Besides, some of these organisations won't be in any position to be approached about this aspect of their responsibilities until later this year. We have just months to achieve any effect we can have.

We also need to ensure somehow that the building and influencing work goes on after we've ceased to have any statutory power and have been disbanded.

David Nicholson, who chairs the Department of Health's Equality and Diversity Council (EDC) and is the Chief Executive of the new NHS Commissioning Board, has committed to providing one important lever - by saying that participation in the new Equality Delivery System will be a mandatory registration requirement for all GP Consortia in the new system.

There are no equivalent levers for ensuring how E&D is integrated into Health and Wellbeing boards though. And it's one thing to commit to being measured on E&D outcomes at some future date, but that doesn't guarantee the new organisations have any kind of strategy for how to achieve those outcomes.

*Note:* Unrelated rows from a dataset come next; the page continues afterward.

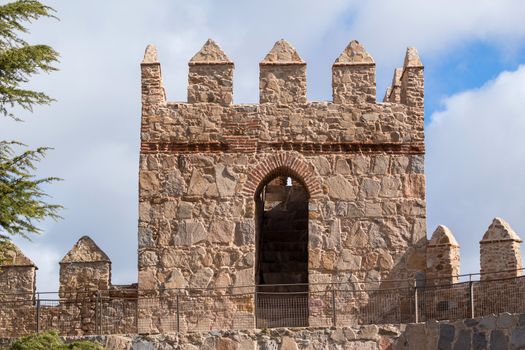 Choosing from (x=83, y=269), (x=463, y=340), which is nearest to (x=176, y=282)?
(x=83, y=269)

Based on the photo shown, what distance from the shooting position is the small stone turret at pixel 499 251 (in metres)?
→ 24.0

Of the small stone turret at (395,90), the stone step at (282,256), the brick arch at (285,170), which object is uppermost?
the small stone turret at (395,90)

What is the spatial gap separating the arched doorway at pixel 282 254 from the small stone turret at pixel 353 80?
6.01ft

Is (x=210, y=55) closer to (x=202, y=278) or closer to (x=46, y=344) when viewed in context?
(x=202, y=278)

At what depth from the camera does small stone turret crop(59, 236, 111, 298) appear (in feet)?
81.5

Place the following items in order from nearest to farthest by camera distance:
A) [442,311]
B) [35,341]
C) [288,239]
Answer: [35,341] → [442,311] → [288,239]

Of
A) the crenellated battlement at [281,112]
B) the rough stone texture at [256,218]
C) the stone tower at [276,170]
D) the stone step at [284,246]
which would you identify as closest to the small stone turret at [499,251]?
the rough stone texture at [256,218]

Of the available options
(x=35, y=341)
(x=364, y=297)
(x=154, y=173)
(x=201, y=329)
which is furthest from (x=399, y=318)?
(x=35, y=341)

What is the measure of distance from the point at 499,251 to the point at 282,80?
5.12m

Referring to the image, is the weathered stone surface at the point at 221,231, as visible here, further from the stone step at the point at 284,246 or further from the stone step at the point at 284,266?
the stone step at the point at 284,246

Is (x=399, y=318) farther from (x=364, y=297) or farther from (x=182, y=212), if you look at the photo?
(x=182, y=212)

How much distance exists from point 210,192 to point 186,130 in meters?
1.25

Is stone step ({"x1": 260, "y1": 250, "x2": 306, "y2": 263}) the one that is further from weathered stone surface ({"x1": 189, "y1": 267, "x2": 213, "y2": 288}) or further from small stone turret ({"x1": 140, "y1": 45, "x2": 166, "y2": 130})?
small stone turret ({"x1": 140, "y1": 45, "x2": 166, "y2": 130})

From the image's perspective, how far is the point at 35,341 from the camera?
20828 millimetres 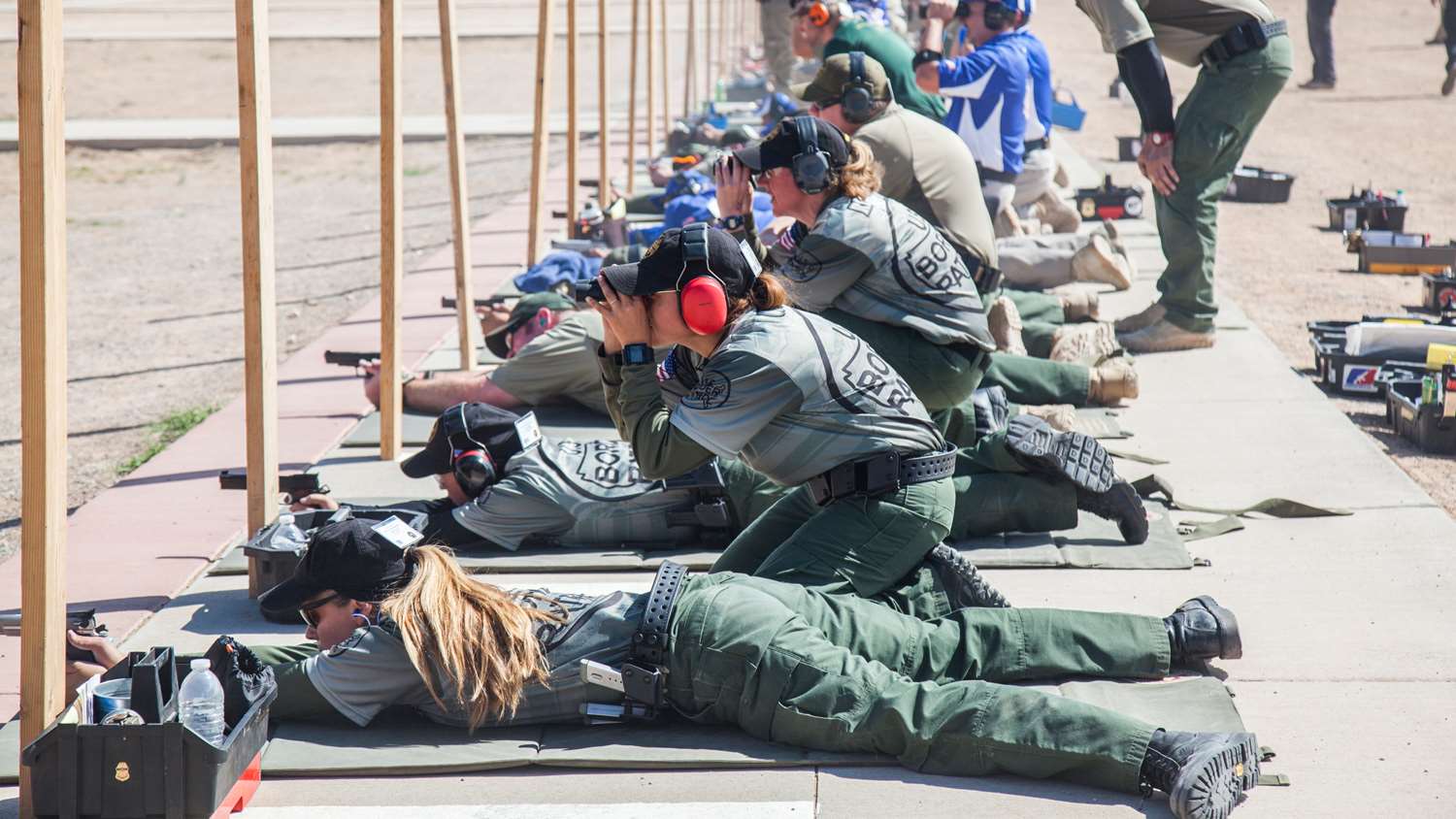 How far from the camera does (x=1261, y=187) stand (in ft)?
44.5

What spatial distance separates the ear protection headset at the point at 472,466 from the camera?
16.9ft

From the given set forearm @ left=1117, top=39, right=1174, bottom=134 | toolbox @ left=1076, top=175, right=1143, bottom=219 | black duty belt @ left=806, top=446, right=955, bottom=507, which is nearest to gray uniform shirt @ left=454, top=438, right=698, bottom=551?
black duty belt @ left=806, top=446, right=955, bottom=507

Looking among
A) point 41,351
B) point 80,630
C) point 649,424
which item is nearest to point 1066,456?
point 649,424

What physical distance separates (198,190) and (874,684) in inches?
573

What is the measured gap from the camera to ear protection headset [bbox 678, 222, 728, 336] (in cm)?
395

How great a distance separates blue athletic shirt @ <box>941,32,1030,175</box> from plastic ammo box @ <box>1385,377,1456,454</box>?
2829mm

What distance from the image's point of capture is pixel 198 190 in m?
16.7

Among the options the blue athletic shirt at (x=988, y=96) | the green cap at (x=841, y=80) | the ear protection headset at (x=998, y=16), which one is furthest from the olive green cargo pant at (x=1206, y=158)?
the green cap at (x=841, y=80)

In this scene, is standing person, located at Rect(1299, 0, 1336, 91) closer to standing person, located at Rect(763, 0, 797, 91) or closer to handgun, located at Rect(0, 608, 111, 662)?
standing person, located at Rect(763, 0, 797, 91)

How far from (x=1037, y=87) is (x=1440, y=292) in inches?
103

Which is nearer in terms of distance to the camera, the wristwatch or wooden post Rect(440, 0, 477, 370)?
the wristwatch

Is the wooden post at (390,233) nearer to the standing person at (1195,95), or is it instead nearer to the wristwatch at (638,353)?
the wristwatch at (638,353)

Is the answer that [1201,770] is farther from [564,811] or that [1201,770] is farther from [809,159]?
[809,159]

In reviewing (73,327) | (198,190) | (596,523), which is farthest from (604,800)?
(198,190) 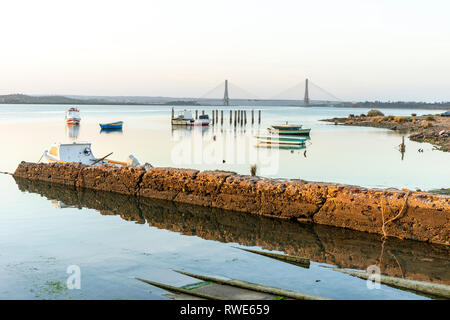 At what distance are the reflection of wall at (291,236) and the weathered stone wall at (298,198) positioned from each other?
20 cm

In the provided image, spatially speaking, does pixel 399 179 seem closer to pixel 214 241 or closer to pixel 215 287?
pixel 214 241

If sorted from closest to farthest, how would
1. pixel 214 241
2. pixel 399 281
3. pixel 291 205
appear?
1. pixel 399 281
2. pixel 214 241
3. pixel 291 205

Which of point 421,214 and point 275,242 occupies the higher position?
point 421,214

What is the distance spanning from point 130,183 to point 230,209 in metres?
3.51

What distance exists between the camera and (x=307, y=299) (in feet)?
19.5

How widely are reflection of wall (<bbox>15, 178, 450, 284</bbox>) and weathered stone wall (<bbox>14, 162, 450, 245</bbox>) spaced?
0.20 metres

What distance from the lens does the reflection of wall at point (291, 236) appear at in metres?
8.09

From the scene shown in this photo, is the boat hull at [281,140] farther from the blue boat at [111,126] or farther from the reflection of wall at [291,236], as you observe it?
the reflection of wall at [291,236]

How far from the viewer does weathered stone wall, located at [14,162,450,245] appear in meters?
8.97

Working smarter, not harder

In the next post I will explain the approach which the North West is taking.

It's an approach which is designed to help distribute the challenge and to preserve as much best practice as possible into the new structures. We've dubbed it, "Building the future, maintaining the best"

Like many of the things we do, it's an innovative way of addressing the big challenges we all face. We don't know whether others will follow suit. They are almost certainly facing the same challenges though.